Passing through a bus shelter displaying a set of terms and conditions, visitors emerge onto remnants of a suburban street. Lamp posts, buildings and public spaces have been hacked and transformed into the architecture of a new world, watched over from above by avatars representing the project participants.
The large-scale installation encourages exploration and learning: a space that offers a reshaping of the rules and systems that frame our lives and prompts players to consider how we live together, how we represent ourselves, and how others receive us.
Artist, writer and performer Josèfa Ntjam works across a wide range of mediums, combining sculpture, photomontage, film and sound. Ntjam presents an immersive installation titled, When the moon dreamed of the ocean (2022). The exhibition centres around her film, Dislocation (2022), and includes new sculptures as part of her Metamorphosis (2019-present) series.
Strewn with jellyfish, plankton and rock pools, the gallery is transformed into a watery cave filled with mythological icons and symbols of resistance and care. Through her practice, Ntjam looks at ways to reject widely accepted Western narratives around origin, identity and systems of classification by intertwining research of archives, African mythologies and counter-culture.
Ntjam’s work promotes alternate readings of history, with references spanning the galactic mythic future of jazz composer Sun Ra, the siren goddess Mami Wata, and the speculative underwater civilisations popularised by Detroit techno duo Drexyia. For Ntjam, these tales of resilience offer ways to rethink the aftermath of colonialism and the transatlantic slave trade, through new forms of knowledge and connections.
By drawing parallels between natural processes and human experience, Ntjam offers alternative ways of navigating through the flows of the past, ultimately demonstrating how spaces of solidarity and revolution can thrive in even the most inhospitable conditions.
Both Brathwaite-Shirley & Ntjam conjure experiences that reposition those whose stories are often mishandled or underserved. Their immersive installations present richly layered works that explore erasure, and the collaborative processes built by communities in defiance of this.

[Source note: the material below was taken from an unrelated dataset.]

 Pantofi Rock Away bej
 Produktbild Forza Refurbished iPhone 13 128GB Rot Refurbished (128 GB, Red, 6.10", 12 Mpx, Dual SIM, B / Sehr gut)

Maitreyi Maheshwari, Head of Programme at FACT, said: “The final chapter in our Radical Ancestry programme presents two new works that imagine spaces for our future selves. Grounded in ideas of resilience and change, they share worlds in which the archives of the past and present include the stories and experiences of those most often overlooked, to create fantastical hybrid lifeforms and architectures that flow in and out of our linear perception of time.”
Danielle Brathwaite-Shirley & Josèfa Ntjam is now open at FACT Liverpool until April 9, 2023. The free exhibition will be accompanied by a public programme of events including artist talks, curator tours and family workshops.